Na última quinta (12), a secretária de Relações Exteriores, Liz Truss, afirmou que, se a UE demonstra não ter flexibilidade, ao governo “não restam escolhas a não ser agir”. A ameaça é romper unilateralmente e derrubar partes do protocolo, o que, segundo a imprensa local, poderia ter início já na próxima semana.

No mesmo dia, Maros Sefcovic, vice-presidente da Comissão Europeia, disse que o bloco sempre procurou resolver o que considera problemas legítimos –como fez com medicamentos, setor que teve regras flexibilizadas em outubro. “É preciso haver honestidade sobre o que o Reino Unido assinou. Nossa posição é consistente: não vamos renegociar”, disse. Para ele, uma ação unilateral é inaceitável.

Como resposta, a UE pode colocar em prática retaliações comerciais e ampliar controles nas fronteiras (o que poderia resultar em filas e escassez de produtos), além de acionar o Reino Unido legalmente. “Muita gente acha que o governo deveria estar concentrado no custo de vida. Muitos se perguntam: no meio de uma crise, Boris realmente quer provocar uma possível guerra comercial com a UE, que pode resultar em mais aumento de preços?”, questiona Jill Rutter, pesquisadora do think tank UK in a Changing Europe.

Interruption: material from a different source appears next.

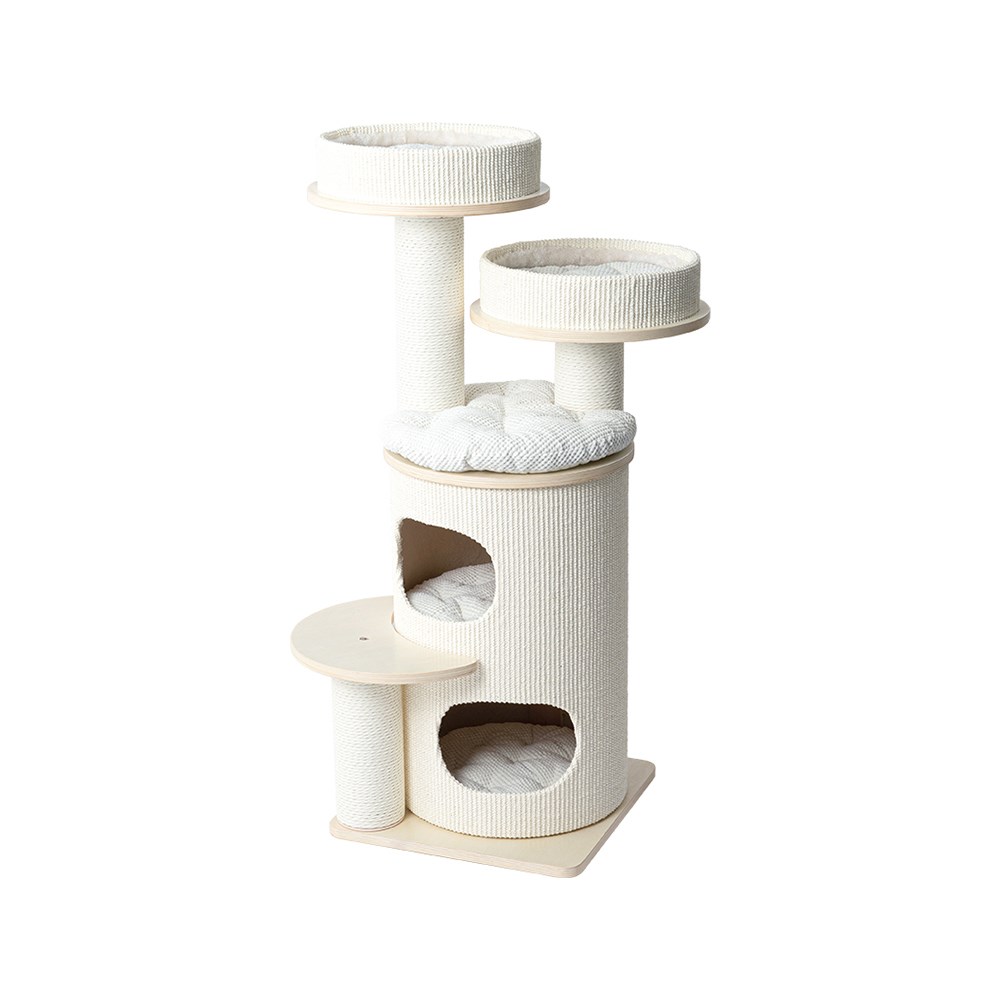 V390-182530PRO-202507030915-00 HONEYPOTCAT PURRING Multi-Level Sisal Barrel Cat Tower - PRO 117cm - Image 1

Esse tem sido só o primeiro estalo causado pela vitória do Sinn Féin. Especialistas dizem que os abalos sísmicos ligados ao manifesto original do partido –a reunificação da Irlanda- ainda são possíveis.

Embora não tenha sido bandeira de campanha, centrada na alta dos preços e nas deficiências do sistema de saúde, o objetivo continua na mira e passa por dois processos. Primeiro, a construção de maior apoio popular à reunificação, hoje em torno de 30%, para a convocação, pelo governo britânico, de um referendo. Depois, os resultados que o Sinn Féin pode obter nas eleições da República da Irlanda, em 2025.

“Se o partido se tornar o maior também no sul, o que parece provável hoje pelas pesquisas, então a pressão por reunificação aumenta”, avalia Tonge. “Ter se tornado o maior na Irlanda do Norte é o primeiro passo de um caminho que levaria a uma Irlanda reunida. Não é algo para o curto prazo, mas pode ser para daqui a dez anos.” A previsão na ilha é de mais terremotos.